Updated: Star-Telegram, Wednesday, Dec. 9, 1998 at 22:22 CST


Group honors Texas pioneer woman

By Katie Fairbank
The Associated Press

JEFFERSON -- No photos, no tombstone and, until now, no recognition. Texans may not know what Harriet Ann Moore Page Potter Ames looked like or where she's buried, but the Caddo Lake Historical Research Committee is making sure that they know about her landmark life and court battles that helped recognize common-law marriage.

Last month, the 45-member group dedicated a monument of gray Texas granite to the woman known by her fellow pioneers as "the bravest woman in Texas."
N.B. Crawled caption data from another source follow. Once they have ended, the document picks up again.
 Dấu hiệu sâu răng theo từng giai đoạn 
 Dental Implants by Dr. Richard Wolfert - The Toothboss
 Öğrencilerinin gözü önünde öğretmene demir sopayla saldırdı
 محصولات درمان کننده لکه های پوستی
For five years the committee worked to honor Ames, who lived a somewhat tragic life through several rough-and- tumble chapters in Texas history. "Harriet would have to be the epitome of the pioneer woman. She's never been recognized as such, although she should be," said Marcia Thomas, a committee organizer.

Thomas, who performs a play she penned based on Ames' life, has always felt close to her subject.
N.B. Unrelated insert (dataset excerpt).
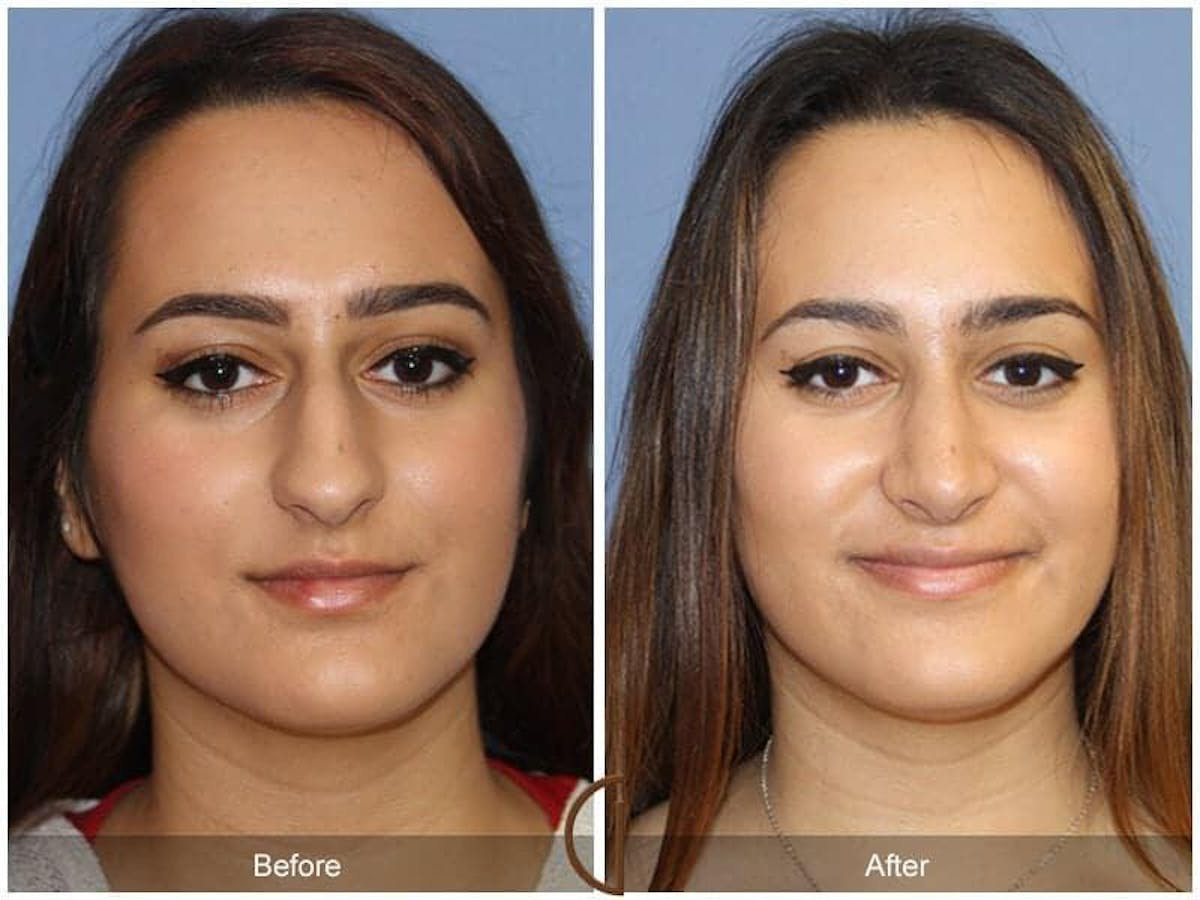 Ethnic Rhinoplasty Before & After Gallery - Patient 207509 - Image 2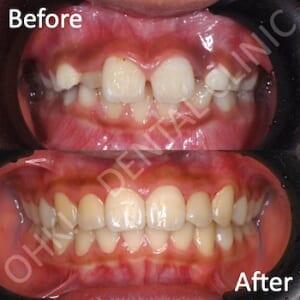すきっ歯は矯正治療で治せる？すきっ歯の原因と治療方法について解説のイメージ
"I've just been interested in this woman for years. The more I researched her life, the more I believed she needs to be recognized in Texas history," she said.

Nearly $5,000 was raised through a benefit performance of Thomas' play Texian Woman to help buy the property for the monument stand. A nearby funeral home donated the stone memorial.

Ames' role in Texas history is known primarily through her own memoirs, which she wrote at age of 83 while living her final years with her youngest daughter in New Orleans.

Although her autobiography has never been printed, her trials as a 19th-century woman became known through a successful historical novel written in the 1950s by Elithe Kirkland called Love Is a Wild Assault.

Born in New York in 1810, Harriet Ann Moore's life began running parallel to Texas' violent birth when she married Solomon Page.

Page, who fought in Texas' War of Independence, stranded her and their two children in a desolate prairie in South Texas where she became one of the panicked participants of the notorious "Runaway Scrape," an event that chronicled the hysteria of Texans who fled their homes before what they mistakenly believed was the approaching Mexican Army.

Assuming that her husband had died at the Battle of San Jacinto, Ames threw in her lot with her rescuer, Robert Potter, who was once known as the "bad boy of the Texas Republic."

Together, they lived a tale of revolution, romance and legal recriminations, primarily in the "Neutral Ground," a strip of territory that belonged to no one, located between what is now Texas and Louisiana.

Potter, who had served as a congressman from North Carolina before leaving the state in a fuss over his castration of two romantic rivals, signed the Texas Declaration of Independence and was the first secretary of the Texas navy. His legacy lives on in several parts of the state: Potter County in the northwest part of Texas is named for him, as well as Potter's Point, an area near Caddo Lake that he was deeded for his military service.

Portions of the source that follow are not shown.